Developing Deep Learning Algorithms to Generate Radiation Oncology Clinical Summaries
Abstract
Purpose
Clinical notes in oncology are generally free-text documents that often repeat clinical information copied from elsewhere in the patient’s medical record, creating inefficiency and risk of propagation error. Therefore, the primary objective of our research is to develop and evaluate a deep learning (DL)-based algorithm that is capable of generating audience-tailored clinical summaries in oncology.
Methods
Our algorithm is being trained and validated using existing radiation oncology information system (OIS) data and clinical notes at our centre. Specifically, we are: (1) building and testing software that, for clinical notes from each specialist type, parses through the notes to identify information already stored in the OIS (“redundant information”) and stores them in a structured format called mCODE (minimal Common Oncology Data Elements); (2) analysing the notes to identify non-existing content expected in the notes (“specialist-provided information”); (3) reviewing our findings with clinicians and patient partners; and (4) developing a DL algorithm to generate semi-populated radiation oncology clinical notes after consultations, so only the specialist-provided information needs to be added.
Results
We have developed a software package that leverages local installations of large language models (LLMs) on a secure hospital server to label redundant information across clinical notes using mCODE. We first validated our software on an external dataset and then used it to analyse real treatment plans and clinical notes.
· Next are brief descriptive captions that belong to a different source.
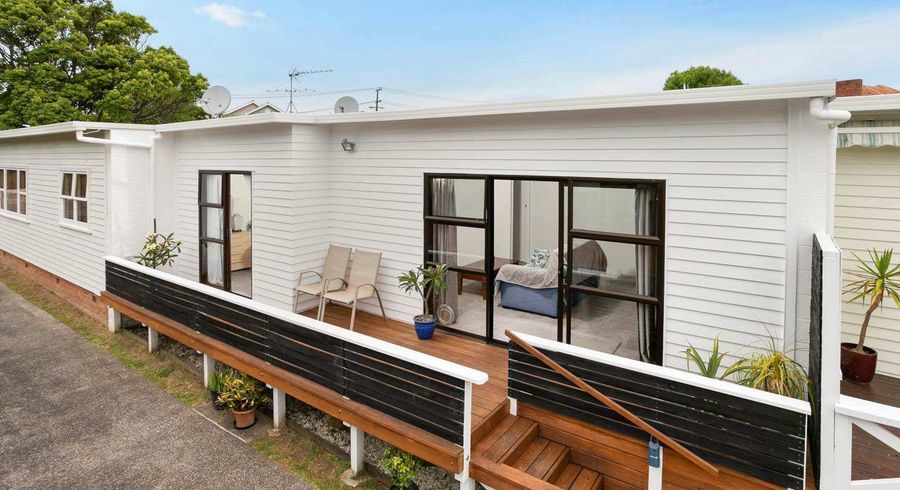  at 55c Selwyn Avenue, Mission Bay, Auckland City, Auckland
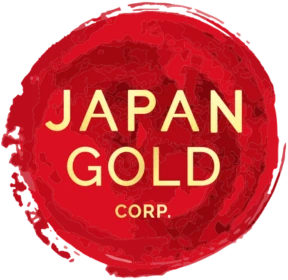 Japan Gold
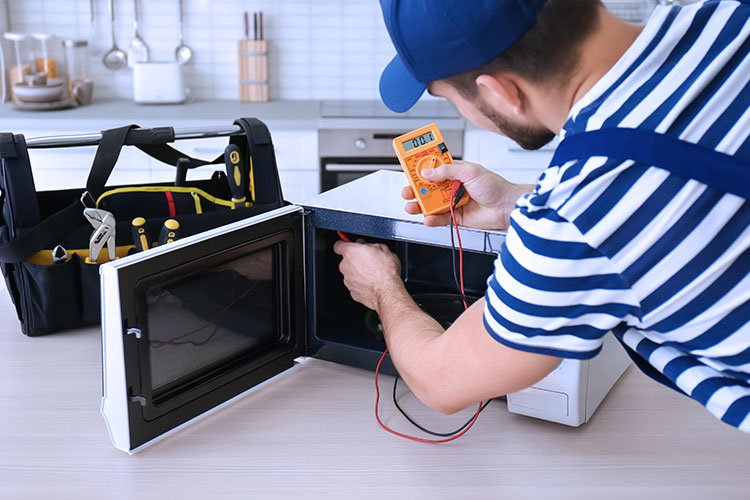 Convection Oven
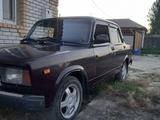 ВАЗ (Lada) 2107 2009 годаfor800 000 тг. в Семей – фото 4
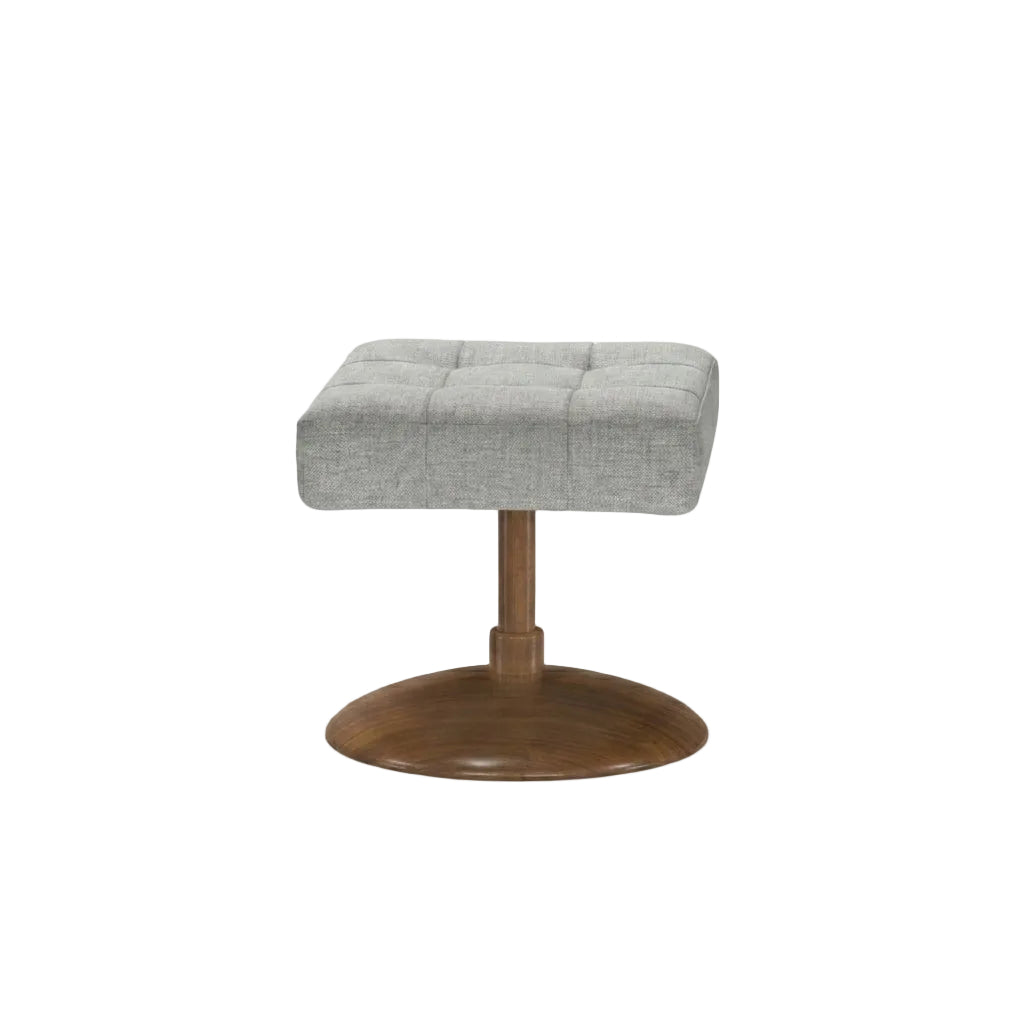 Pileus Comfort Air Ottoman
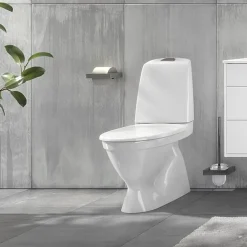 Nautic 1500 Hygienic Flush för Skruv
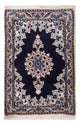 Nain - 12 la Alfombra 60x40cm - Alfombra persa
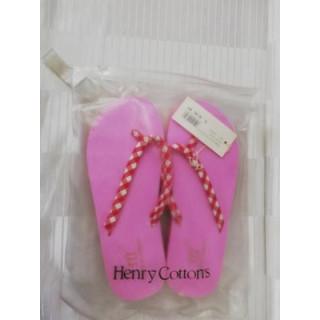Slippers Henry Cotton's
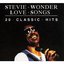 Love Songs 20 Classic Hits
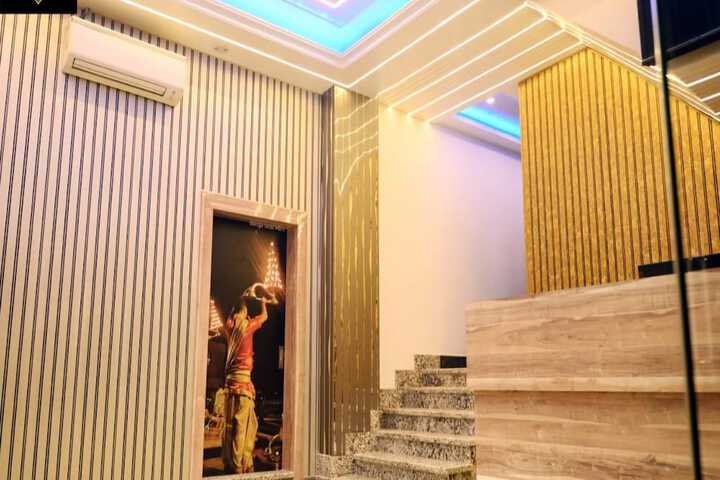 Hotel Shankara Residency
Early results indicate that we can reliably identify and label mCODE-compliant redundant information, including diagnosis, cancer stage, patient background, and treatment details, within clinical notes.
Conclusion
Extracting and analysing redundant information contained in existing clinical notes of different specialist origins enables the identification of the content specialists expect in them. This is a crucial step that allows us to properly parameterise a generative model to generate existing information that the specialists deem relevant and only prompt entry of new information.